Trying to think of a good time to bump this thread....


----------



## Judobreaker (Oct 19, 2012)

I guess you found that time. 

I'm getting the feeling your white balance is a bit off, you might want to look into that.

The built-in flash is actually not completely useless in macro photography, you just need to get a diffuser... And by get I mean make.
Even being a little creative with cardboard and paper can be enough to get a nice diffuser to make your light nice and soft.
You should be able to find a lot of stories and how-tos through google on this matter, loads of people have done similar things.

I haven't yet tried revering a lens although I'd really like to try sometime. Looks like you can get some pretty nice results off of it.
Your framing is a bit weird and your focus is a bit off here and there, but then again you're working with crazy thin DoF (something I'm not sure how to fix with a reversed lens).
A bit of practice should enable to get very nice shots. 

Keep it up. 

That fly in nr. 1 is one heck of a daredevil btw!


----------



## swiftparkour94 (Oct 19, 2012)

Judobreaker said:
			
		

> I guess you found that time.
> 
> I'm getting the feeling your white balance is a bit off, you might want to look into that.
> 
> ...



Thanks for the feedback! I've heard of the diffuser idea before, thanks so much for reminding me! I'll have to try it when I get the chance. My white balance was as best as I could possibly get it, even in post and was especially hard with the flash. I tampered with it a lot and took out all of the highlights (very harsh glares on the subject), made it a bit more green, and upped the contrast. I also played with another particular tool, I forgot the name but it is so much fun to play around with! If I could describe it, I'd have to say that the higher it goes, it makes edges of things appear a bit thicker and shadows seem to shift and blend nicely. Really gives it that pop, unless you turn it down into the negatives and it'll become a blurry softer looking image the lower you go. I was at f/2.2, then I bumped it to 5.6 (I think, or close to it) and it was still super shallow. I was cockeyed using my Vfinder on liveview to help keep it steady. It was a difficult neck breaking task, but hey, I'd bleed for my photography if I'd have to


----------



## swiftparkour94 (Oct 19, 2012)

Oh and yes, I deleted a potential out of focus keeper that showed the flies covering nearly everything! I was sad


----------



## Judobreaker (Oct 19, 2012)

Yeah I know that tool. Can't remember the name right now too but I know exactly what you mean. 
With macro a low aperture really means thin DoF. When working really close I usually use something between f/11 and f/18, occasionally even higher.
These apertures will give you a better DoF, however they usually require extra lighting to make sure you get a good sharp shot.


----------



## Overread (Oct 19, 2012)

A few thoughts/tips:

1) Don't delete in the field - ever. Seriously if you find that you run out of card space too fast buy another memory card - plus learn to shoot a little slower. You really can't review shots on teh LCD very well at all and its always best to do any deleting back on a proper computer with a proper view. 
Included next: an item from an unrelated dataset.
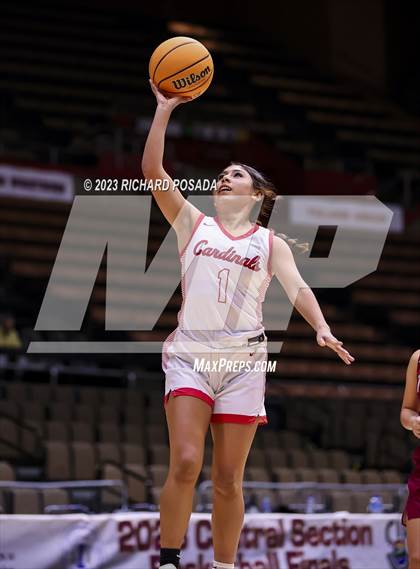 Thumbnail 1 in Lindsay vs. Torres (CIF CS Division VI Championship) photogallery.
2) White balance- what were you setting for your white balance and were you shooting in RAW? In general with this kind of photography you shouldn't be having much trouble with the white balance esp if you shoot in RAW. 

3) Apertures - now you can close down the aperture more to get more depth of field, but remember that the more you close it down the closer to the diffraction limit you'll get. Do some test shots on a static subject (45degrees to a coin works well) and see how the sharpness varies and at what point the softness from reducing the aperture (using bigger f numbers) starts to soften your photos too much. 

4) For your popup flash what you need isn't really a diffuser, what you need is a snoot and diffuser setup. That is a long cone shaped construction that carries the light from the popup closer to the end of the lens and the subject, at the end of the channel you can widen out the snoot which will provide the diffusion on the light (larger source area = softer light).


----------



## swiftparkour94 (Oct 19, 2012)

Judobreaker said:
			
		

> Yeah I know that tool. Can't remember the name right now too but I know exactly what you mean.
> With macro a low aperture really means thin DoF. When working really close I usually use something between f/11 and f/18, occasionally even higher.
> These apertures will give you a better DoF, however they usually require extra lighting to make sure you get a good sharp shot.



Yea the lighting was awful so I didn't even consider those options, plus myself and the subject kept moving. I was almost hopeless and about ready to give up til I was like, "Hey, I have a crappy poppy uppy flash and Photoshop to work with!"


----------



## swiftparkour94 (Oct 19, 2012)

Overread said:
			
		

> A few thoughts/tips:
> 
> 1) Don't delete in the field - ever. Seriously if you find that you run out of card space too fast buy another memory card - plus learn to shoot a little slower. You really can't review shots on teh LCD very well at all and its always best to do any deleting back on a proper computer with a proper view.
> 
> ...



I only delete the obviously blurred photos while reviewing them. I like to take several shots then review them to see how I'm doing. If I come across blurry/out of focus ones then I'll quickly delete a couple. If it's too close to call then I'll check on my pc.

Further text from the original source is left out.